Progestins (vaginal P4 or 17 alpha hydroxy-P4 caproate [17P]) are thought to be effective therapies to reduce the incidence of recurrent preterm delivery and preterm delivery in high-risk groups. Recently, a multicenter study conducted by the National Institutes of Health confirmed that vaginal P4 may reduce the incidence of preterm delivery. However, there are a number of unanswered questions including who are candidates for preventive therapy, use in acute preterm labor, and whether certain preparations of progestins (P4 vs 17P) are better than others. The object of this study was to examine the effects of P4 alone, various tocolytics alone, and combinations of P4 with various tocolytics on uterine contractions to determine if there are added advantages to using P4 with any tocolytics.
Materials and Methods
After obtaining institutional review board approval at Maricopa Integrated Health System, Phoenix, AZ, patient recruitment began. Women undergoing elective, term cesarean deliveries in the Labor and Delivery Department of Maricopa Integrated Health System were recruited. Informed, written consent was obtained from each woman. After the baby was delivered via cesarean, a 2- × 2- × 1-cm segment of tissue was excised from the lower uterine segment and placed in Krebs solution. Patients recruited for this study were all undergoing elective cesarean delivery at term. The patients had the following characteristics: age 30.4 ± 4.92 (SD) years and parity range of 1–5 (mean = 2.64). During the study period, 37 women were recruited and enrolled. The tissue contraction studies were performed within 24 hours of collection. The methods used in this study were similar to those used previously.
Each of the 37 tissue samples were then cut into 0.2- × 0.2- × 1-cm myometrial strips (8 strips/tissue sample) resulting in 280 tissue samples. The myometrial strips were mounted in an organ chamber system in a bath (10-mL volume) of Krebs solution at 37°C and bubbled with 5% CO2 in air to maintain pH at 7.4. The bottom ends of the uterine tissues were fixed within the organ chamber while the top end was connected to a force transducer and to an online computer. The myometrial strips were equilibrated and spontaneous contractility was stabilized. Comparisons of drug effects with and without P4 were made between data obtained in strips from the same patient.

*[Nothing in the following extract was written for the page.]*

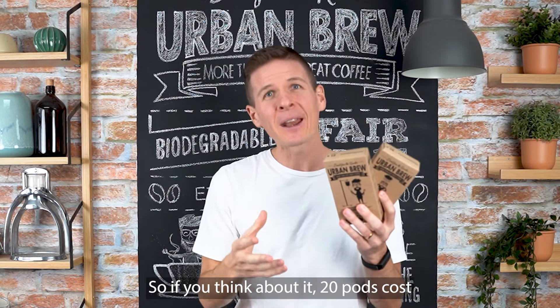So if you think about it, 20 pods cost you $4 for shipping — that's 20 cents per cup of coffee. You can't find a better deal than that. And on top of that, we have a happiness or money-back promise, so if you're not happy with any aspect of our product at all, we'll give you the $4 back. So you have absolutely nothing to lose — just follow the links below and give us a try today.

Crystalline P4 dissolved in ethanol (absolute ethanol [EtOH]) was added to the tissue bath as were MgSO 4 (vehicle = water), indomethacin (vehicle = 0.1 mol/L Na 2 CO 3 ), nifedipine (vehicle = EtOH), and pinacidil (vehicle = EtOH). Nifedipine-containing solutions were also protected from light. All chemicals and drugs used in this study were from Sigma-Aldrich, St Louis, MO.
Solutions of vehicles (run in parallel) and dissolved agents were added to the 10-mL muscle baths in 10-μL volumes. Control experiments were performed by adding only 10 μL of any of the vehicles to the 10-mL muscle bath of Krebs solution. The addition of the vehicle alone did not affect contractility over the recording periods ( Figures 1-4 ) . P4 was used at a fixed concentration (10 –5 mol/L) and concentrations of each tocolytic (various concentrations, based upon previous studies) were also used in combination with P4. Contractile activity was registered for a 6-hour recording period and stored using a data acquisition system. Following each 6-hour recording period, the viability of the muscle strips were confirmed by measuring the contractility effect when KCl was added to each muscle bath.